Introducing CUYA Meditation: A Contemplative Practice of Presence

At the Cuyamungue Institute, we are committed to exploring practices that deepen awareness and connect us with the wisdom of ancient traditions. Out of this commitment, a new pathway has emerged: CUYA Meditation.

CUYA Meditation is inspired by the same sources that guided Dr. Felicitas Goodman’s pioneering research—prehistoric art and artifacts depicting body positions used as ritual instructions. These images, etched into stone or shaped from clay, offer us a glimpse into how our ancestors engaged body, spirit, and mystery.

Whereas the Institute’s established posture practice combines body position with rhythmic sound induction to enter trance states and visionary experience, Cuya Meditation stands independently. It is a form of mindfulness meditation rooted in these ancient body positions but practiced without sound induction.
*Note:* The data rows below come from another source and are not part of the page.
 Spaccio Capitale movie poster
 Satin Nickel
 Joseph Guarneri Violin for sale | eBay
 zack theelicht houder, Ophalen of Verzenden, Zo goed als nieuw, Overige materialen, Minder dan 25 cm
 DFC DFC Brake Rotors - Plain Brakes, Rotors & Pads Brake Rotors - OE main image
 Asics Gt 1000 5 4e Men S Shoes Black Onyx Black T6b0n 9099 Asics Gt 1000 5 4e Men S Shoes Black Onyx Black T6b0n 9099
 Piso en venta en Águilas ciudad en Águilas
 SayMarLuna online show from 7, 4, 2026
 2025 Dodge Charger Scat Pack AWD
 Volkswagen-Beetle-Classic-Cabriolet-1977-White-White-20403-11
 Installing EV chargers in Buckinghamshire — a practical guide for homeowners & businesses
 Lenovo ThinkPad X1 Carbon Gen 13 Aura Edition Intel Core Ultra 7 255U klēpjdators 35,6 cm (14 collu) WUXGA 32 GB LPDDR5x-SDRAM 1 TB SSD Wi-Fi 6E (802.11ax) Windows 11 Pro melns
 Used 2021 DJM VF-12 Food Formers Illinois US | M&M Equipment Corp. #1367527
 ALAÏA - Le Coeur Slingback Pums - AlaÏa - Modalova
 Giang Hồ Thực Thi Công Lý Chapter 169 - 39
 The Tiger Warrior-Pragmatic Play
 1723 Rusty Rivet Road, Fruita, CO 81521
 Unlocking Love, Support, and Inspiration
Here, the postures themselves become the meditation—an embodied stillness that invites presence, clarity, and a gentle sense of the sacred.

This practice is not about journeying outward but about resting inward. In Cuya Meditation, the body is both anchor and guide. Simply by holding a posture with awareness, one can step out of distraction and into a quiet, spacious state of being.

As a new and distinct offering, Cuya Meditation honors the lineage of our Institute’s work while extending it into fresh territory. It provides a way for practitioners to engage with ancient ritual forms in a contemplative, mindful manner that resonates with modern seekers of presence and inner calm.

What makes Cuya Meditation unique is that the body postures come from ancient ritual sources, giving it a cultural and archetypal depth not found in many contemporary mindfulness approaches.